またアンプを作ります。今回は特に何か目標があったわけではなく、よさそうなICがあったので作ることにしました。
制作計画
今回はTi社から出ている(っていうか前回もだけど)TPA1517NEというICを見つけたのでこれを使ってみたいと思います。
TPA1517NEについて
4Ω負荷時6Wの出力が得られるAB級のステレオアンプICで、少ない部品構成で動かすことのできるICです。このICを知ったのはこの前ヘッドフォンアンプでレールスプリッタを参考にしたnabeさんの以下のページです。

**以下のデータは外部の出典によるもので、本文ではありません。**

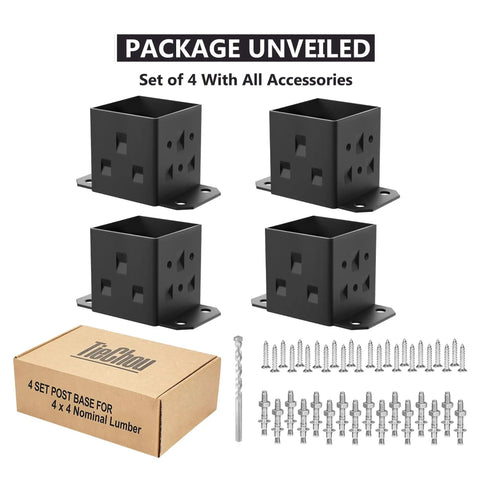 Heavy Duty 4x4 Post Base Anchor Kit With All Accessories For Wood Fence Deck And Pergola Mounting In Steel Post Brackets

TPA1517に関しては、キット化されているという事もあり、nabeさんのデュアルアンプ構成で構成された制作例が多く利用されていますが。省スペースに収めたいので今回はメーカー仕様書の回路をコピーして作りたいと思います。(デュアルアンプ構成で使っても十分小型ですが。)
回路図
今回制作する回路図はこんな感じ。
といってもほぼデータシートのコピーですが。今回は(今回も)シャットダウン機能は使わないのでON固定にしています。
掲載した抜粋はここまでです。